== Data provided
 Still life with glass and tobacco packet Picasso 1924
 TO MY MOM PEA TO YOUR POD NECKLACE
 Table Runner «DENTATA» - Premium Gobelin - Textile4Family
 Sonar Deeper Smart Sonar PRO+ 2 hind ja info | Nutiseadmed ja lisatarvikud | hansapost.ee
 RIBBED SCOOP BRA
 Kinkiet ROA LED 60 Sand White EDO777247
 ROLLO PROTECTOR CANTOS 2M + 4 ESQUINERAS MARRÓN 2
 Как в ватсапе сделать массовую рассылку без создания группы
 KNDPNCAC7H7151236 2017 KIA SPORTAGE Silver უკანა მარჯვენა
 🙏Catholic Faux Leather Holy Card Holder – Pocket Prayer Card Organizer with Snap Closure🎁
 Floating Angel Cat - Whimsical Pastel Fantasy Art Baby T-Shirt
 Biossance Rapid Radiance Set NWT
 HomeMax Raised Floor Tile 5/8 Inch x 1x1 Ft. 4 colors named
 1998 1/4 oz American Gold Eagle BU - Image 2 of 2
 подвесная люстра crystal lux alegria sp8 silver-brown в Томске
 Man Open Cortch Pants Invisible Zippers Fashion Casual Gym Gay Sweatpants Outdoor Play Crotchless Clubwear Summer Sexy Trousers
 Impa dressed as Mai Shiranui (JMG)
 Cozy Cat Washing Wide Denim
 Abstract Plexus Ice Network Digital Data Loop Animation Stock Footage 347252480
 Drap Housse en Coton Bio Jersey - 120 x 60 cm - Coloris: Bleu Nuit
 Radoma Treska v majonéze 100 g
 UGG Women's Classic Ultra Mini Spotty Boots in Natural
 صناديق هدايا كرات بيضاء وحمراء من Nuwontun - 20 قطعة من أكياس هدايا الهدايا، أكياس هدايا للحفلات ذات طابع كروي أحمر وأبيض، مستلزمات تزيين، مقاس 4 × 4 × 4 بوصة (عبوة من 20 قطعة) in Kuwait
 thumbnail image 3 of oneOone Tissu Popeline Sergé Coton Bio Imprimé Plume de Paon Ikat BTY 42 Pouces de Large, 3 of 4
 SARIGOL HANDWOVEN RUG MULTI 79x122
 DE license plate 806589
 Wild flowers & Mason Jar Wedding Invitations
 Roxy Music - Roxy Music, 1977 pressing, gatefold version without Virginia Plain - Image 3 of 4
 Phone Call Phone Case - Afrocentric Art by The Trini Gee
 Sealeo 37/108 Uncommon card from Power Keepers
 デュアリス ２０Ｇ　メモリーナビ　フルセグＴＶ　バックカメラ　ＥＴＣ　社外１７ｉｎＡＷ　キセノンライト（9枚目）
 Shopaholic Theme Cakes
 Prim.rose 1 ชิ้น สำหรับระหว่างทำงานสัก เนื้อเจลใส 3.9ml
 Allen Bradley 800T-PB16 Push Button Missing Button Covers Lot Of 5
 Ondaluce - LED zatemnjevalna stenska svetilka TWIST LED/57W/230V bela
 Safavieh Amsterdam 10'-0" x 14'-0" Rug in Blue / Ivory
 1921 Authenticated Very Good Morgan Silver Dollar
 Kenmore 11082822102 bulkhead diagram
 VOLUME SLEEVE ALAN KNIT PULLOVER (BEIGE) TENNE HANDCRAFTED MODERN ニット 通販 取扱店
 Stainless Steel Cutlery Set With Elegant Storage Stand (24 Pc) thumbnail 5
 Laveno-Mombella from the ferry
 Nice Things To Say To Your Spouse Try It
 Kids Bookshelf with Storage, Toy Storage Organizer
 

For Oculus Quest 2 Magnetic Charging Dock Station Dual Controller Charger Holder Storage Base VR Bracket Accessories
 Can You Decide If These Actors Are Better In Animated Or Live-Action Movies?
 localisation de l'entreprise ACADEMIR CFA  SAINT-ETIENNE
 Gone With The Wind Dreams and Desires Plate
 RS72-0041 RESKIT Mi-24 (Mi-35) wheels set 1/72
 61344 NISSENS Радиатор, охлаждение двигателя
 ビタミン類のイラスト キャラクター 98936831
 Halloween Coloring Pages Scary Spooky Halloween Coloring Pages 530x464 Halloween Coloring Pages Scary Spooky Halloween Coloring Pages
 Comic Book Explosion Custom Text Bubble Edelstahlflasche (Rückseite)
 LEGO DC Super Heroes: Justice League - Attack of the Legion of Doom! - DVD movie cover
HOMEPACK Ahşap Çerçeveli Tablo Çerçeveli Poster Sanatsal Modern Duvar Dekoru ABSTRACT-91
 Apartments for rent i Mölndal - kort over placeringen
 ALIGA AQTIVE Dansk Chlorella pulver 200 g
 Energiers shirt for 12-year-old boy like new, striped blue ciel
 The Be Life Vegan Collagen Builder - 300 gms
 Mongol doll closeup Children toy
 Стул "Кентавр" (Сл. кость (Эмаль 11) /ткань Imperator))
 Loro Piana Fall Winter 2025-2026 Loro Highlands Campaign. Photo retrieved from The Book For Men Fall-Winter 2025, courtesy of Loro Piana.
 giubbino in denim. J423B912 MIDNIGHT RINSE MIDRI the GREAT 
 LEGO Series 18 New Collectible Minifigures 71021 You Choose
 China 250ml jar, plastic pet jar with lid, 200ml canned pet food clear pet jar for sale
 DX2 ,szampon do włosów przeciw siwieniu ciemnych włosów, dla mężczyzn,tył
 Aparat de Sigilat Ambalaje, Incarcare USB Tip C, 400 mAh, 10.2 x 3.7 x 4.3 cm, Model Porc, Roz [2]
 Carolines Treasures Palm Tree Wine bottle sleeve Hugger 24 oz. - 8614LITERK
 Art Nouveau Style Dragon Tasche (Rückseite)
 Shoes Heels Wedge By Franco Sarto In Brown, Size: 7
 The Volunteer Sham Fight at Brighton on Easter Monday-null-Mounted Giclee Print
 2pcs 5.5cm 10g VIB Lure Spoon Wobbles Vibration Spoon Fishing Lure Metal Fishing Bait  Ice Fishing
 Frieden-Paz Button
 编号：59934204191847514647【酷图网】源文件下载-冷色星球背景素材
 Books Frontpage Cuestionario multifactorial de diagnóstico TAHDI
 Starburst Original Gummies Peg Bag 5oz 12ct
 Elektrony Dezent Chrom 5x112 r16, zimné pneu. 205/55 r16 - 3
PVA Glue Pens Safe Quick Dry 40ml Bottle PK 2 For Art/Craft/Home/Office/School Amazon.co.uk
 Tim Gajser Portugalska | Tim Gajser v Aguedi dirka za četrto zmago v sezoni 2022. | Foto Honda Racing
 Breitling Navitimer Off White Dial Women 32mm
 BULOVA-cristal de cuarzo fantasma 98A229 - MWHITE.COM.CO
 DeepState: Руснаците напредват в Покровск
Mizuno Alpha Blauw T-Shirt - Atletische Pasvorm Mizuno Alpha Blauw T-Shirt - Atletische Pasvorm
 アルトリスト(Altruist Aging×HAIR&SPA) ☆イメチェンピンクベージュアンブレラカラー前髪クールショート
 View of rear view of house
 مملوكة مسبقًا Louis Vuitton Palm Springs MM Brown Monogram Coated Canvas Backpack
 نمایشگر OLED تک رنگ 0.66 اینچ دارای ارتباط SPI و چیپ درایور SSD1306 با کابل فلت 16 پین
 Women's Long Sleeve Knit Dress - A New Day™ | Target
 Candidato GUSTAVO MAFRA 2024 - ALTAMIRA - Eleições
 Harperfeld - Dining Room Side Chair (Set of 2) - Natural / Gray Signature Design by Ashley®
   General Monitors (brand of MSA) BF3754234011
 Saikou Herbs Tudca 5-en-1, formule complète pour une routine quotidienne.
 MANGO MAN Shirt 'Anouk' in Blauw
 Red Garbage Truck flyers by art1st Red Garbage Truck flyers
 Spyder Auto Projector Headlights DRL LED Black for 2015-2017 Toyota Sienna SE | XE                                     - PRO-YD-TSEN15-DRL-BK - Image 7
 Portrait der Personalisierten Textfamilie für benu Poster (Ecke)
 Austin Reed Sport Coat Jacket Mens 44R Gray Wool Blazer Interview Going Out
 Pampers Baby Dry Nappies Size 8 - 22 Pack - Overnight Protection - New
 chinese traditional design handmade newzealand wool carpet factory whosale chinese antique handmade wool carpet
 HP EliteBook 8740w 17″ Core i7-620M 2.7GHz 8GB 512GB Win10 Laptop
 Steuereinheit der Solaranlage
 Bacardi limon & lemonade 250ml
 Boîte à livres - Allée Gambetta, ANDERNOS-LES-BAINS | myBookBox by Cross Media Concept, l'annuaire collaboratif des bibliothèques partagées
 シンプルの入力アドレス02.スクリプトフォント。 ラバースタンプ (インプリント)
====
**Work to complete**
Using the records above, copy word for word the line with "HomeMax Raised Floor", the line with "Stainless Steel Cutlery", and every line between them.

**Expected answer**
 HomeMax Raised Floor Tile 5/8 Inch x 1x1 Ft. 4 colors named
 1998 1/4 oz American Gold Eagle BU - Image 2 of 2
 подвесная люстра crystal lux alegria sp8 silver-brown в Томске
 Man Open Cortch Pants Invisible Zippers Fashion Casual Gym Gay Sweatpants Outdoor Play Crotchless Clubwear Summer Sexy Trousers
 Impa dressed as Mai Shiranui (JMG)
 Cozy Cat Washing Wide Denim
 Abstract Plexus Ice Network Digital Data Loop Animation Stock Footage 347252480
 Drap Housse en Coton Bio Jersey - 120 x 60 cm - Coloris: Bleu Nuit
 Radoma Treska v majonéze 100 g
 UGG Women's Classic Ultra Mini Spotty Boots in Natural
 صناديق هدايا كرات بيضاء وحمراء من Nuwontun - 20 قطعة من أكياس هدايا الهدايا، أكياس هدايا للحفلات ذات طابع كروي أحمر وأبيض، مستلزمات تزيين، مقاس 4 × 4 × 4 بوصة (عبوة من 20 قطعة) in Kuwait
 thumbnail image 3 of oneOone Tissu Popeline Sergé Coton Bio Imprimé Plume de Paon Ikat BTY 42 Pouces de Large, 3 of 4
 SARIGOL HANDWOVEN RUG MULTI 79x122
 DE license plate 806589
 Wild flowers & Mason Jar Wedding Invitations
 Roxy Music - Roxy Music, 1977 pressing, gatefold version without Virginia Plain - Image 3 of 4
 Phone Call Phone Case - Afrocentric Art by The Trini Gee
 Sealeo 37/108 Uncommon card from Power Keepers
 デュアリス ２０Ｇ　メモリーナビ　フルセグＴＶ　バックカメラ　ＥＴＣ　社外１７ｉｎＡＷ　キセノンライト（9枚目）
 Shopaholic Theme Cakes
 Prim.rose 1 ชิ้น สำหรับระหว่างทำงานสัก เนื้อเจลใส 3.9ml
 Allen Bradley 800T-PB16 Push Button Missing Button Covers Lot Of 5
 Ondaluce - LED zatemnjevalna stenska svetilka TWIST LED/57W/230V bela
 Safavieh Amsterdam 10'-0" x 14'-0" Rug in Blue / Ivory
 1921 Authenticated Very Good Morgan Silver Dollar
 Kenmore 11082822102 bulkhead diagram
 VOLUME SLEEVE ALAN KNIT PULLOVER (BEIGE) TENNE HANDCRAFTED MODERN ニット 通販 取扱店
 Stainless Steel Cutlery Set With Elegant Storage Stand (24 Pc) thumbnail 5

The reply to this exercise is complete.